Pieter Hugo’s tragic beauty pushes the button of mortality

Tiananmen Square, Beijing, 2015 (1) Min
On the face of it: South African photographer Pieter Hugo’s pictures Tiananmen Square, Beijing, 2015 (Pieter Hugo)

Early on Tuesday morning, Pieter Hugo’s images made him feel emotional.

It was two days after he had finished installing his solo show and went back to the gallery for the first time. “It felt very, I don’t know, I feel quite vulnerable showing some of this work,” he tells me a few hours later via Zoom. 

We are chatting about his magisterial exhibition of more than 100 works, taken over 23 years, which opens on Saturday at the Stevenson gallery in Cape Town. 

“And I think it’s because it pushes that button of mortality and life for the passing of time, which photography has a relationship with.”

In the new show Hugo, who became globally famous — for some critics, infamous — with the powerful, engrossing pictures he took between 2005 and 2007 of Nigerian animal handlers and itinerant minstrels with their hyenas, baboons and rock pythons, has shifted his focus to birth, death and the rites between.

Like The Hyena and Other Men, his previous series functioned as visual essays. For example from the stark studio portraits of South Africans with albinism Looking Aside (2003 to 2006) to Rwanda: Vestiges of a Genocide (2011), also Permanent Error (2010), about people in an impoverished settlement in Ghana, which is the second-largest e-waste processing area in West Africa, and then photographs of Nigerian actors in make-up in Nollywood (2009).

Titled What the Light Falls On, the new exhibition is a free-ranging meditation on life itself. It is a response to photographic pioneer Helmar Lerski’s assertion that “in every human being there is everything; the question is only what the light falls on”.
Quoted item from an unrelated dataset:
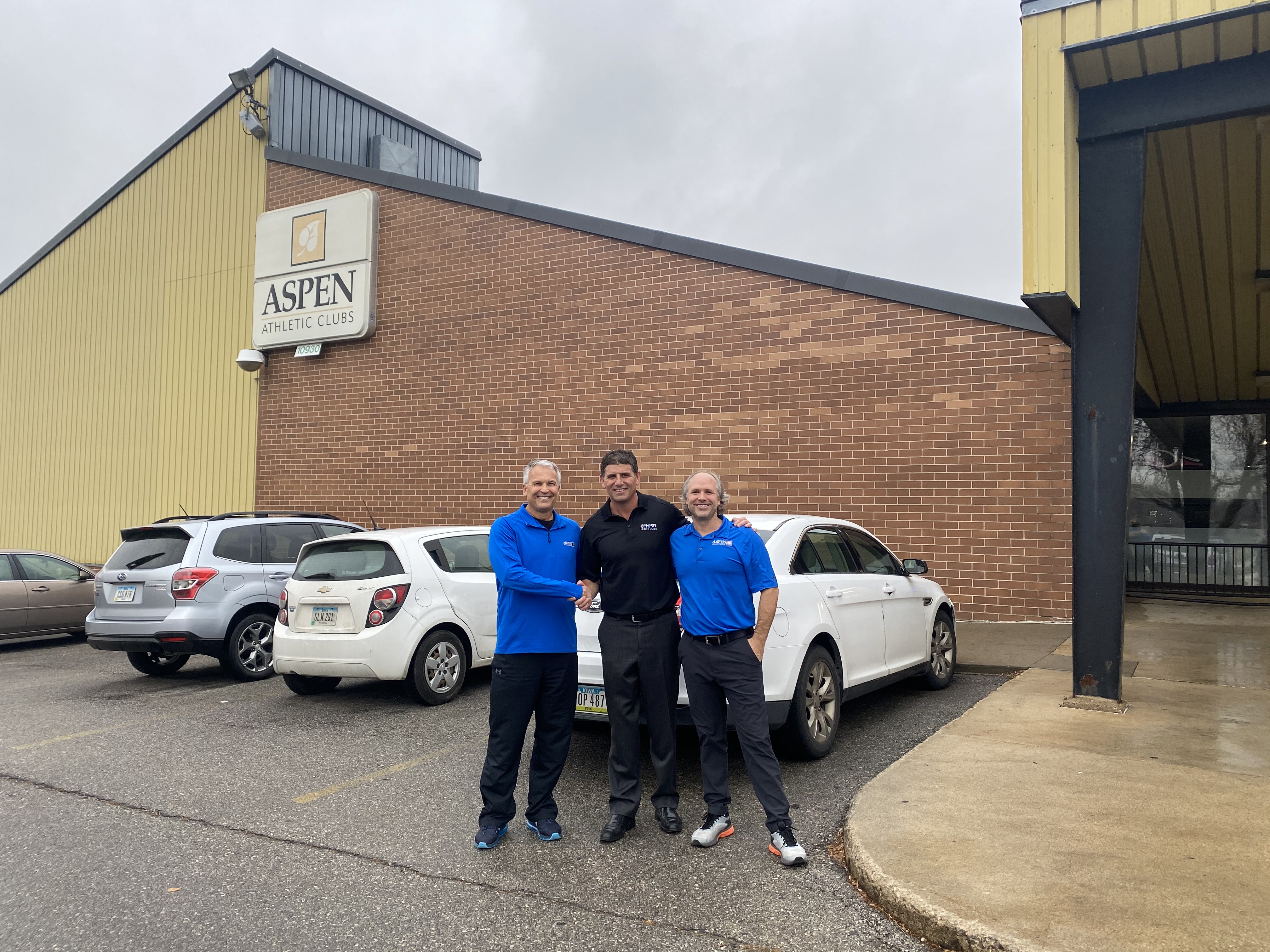 Rod Sears (L) and Luke Aduddell (R), Aspen Athletic Clubs Co-Owners with Genesis Health Clubs President and Owner Rodney Steven II (C)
I ask Hugo if it can also be read metaphorically, as in light versus darkness.

“Absolutely. It’s not just literal.”

Hugo is in his new studio in Woodstock near Cape Town harbour, and I am in Joburg. He is giving me a virtual artist walkabout through the exhibition from his laptop, flicking through the works on Zoom, while explaining this sprawling project, his most ambitious to date: portraiture, landscape and still life.

“This is one of the pictures that the series starts with, which is a portrait of my daughter being born.”

Flick.

“Then there’s the certain rhythm that occurs through it of nudes, landscapes, often of … This is in Israel, overlooking the Dead Sea — the sea is quite a recurring motif and also rocks. I’ve been photographing rocks for a long time. And the idea started when I went to Israel once with a friend of mine who is from there originally.

“I just had this feeling when I was there — all of this fighting over a pile of stones, people projecting the shit onto [it]. And then the first picture I took was on the side of the road where these stones had been excavated to build a highway towards the Dead Sea and it had … graffiti over. And it felt to me like it had the same kind of religious significance as the Wailing Wall.

“It’s just, at the end of the day, a pile of stones. But you know those piles of stones of Palestinian villages that have been destroyed built new roads for Israeli settlements.”

Flick.

“Here you have someone outside of Washington Station. Landscapes in Israel again.

“Details of this lady collecting firewood in the Karoo.”

Next the wall of a mechanic’s shop in Italy with a crucifix juxtaposed with the centrefold just below it.

“There’s quite a lot of these interiors where you have this arrangement of objects that kind of depict a person or family’s personality or ambitions, I suppose. I suppose, in some ways, it’s why I think of it as symphonic … It’s very ambitious in its scale. I mean, it’s trying to tell something from birth to death.”

Flick to a pic of a blond boy staring into the camera. Is that your child?

“That’s my son, Jakob, yes. He is now 11.”

Next another pic of his daughter, Sofia, who is now a young teenager.

“Her with her cellphone … We live in an era where everything exists to be photographed. Susan Sontag said that years ago already.” 

Hugo gives a wry chuckle. “And even more so now where it’s almost, like, if it wasn’t recorded by someone, did it really even happen?”

Hugo is turning 48 next week. In the exhibition notes he says in middle age “one is getting softer both physically and emotionally”.

How does that  manifest itself in your work?

“I think there’s a subtlety in this work that maybe wasn’t in other projects of mine,” he says. “There’s no such thing as a happy ending, right, like for something to begin, something’s got to end and for something to end there’s a loss.”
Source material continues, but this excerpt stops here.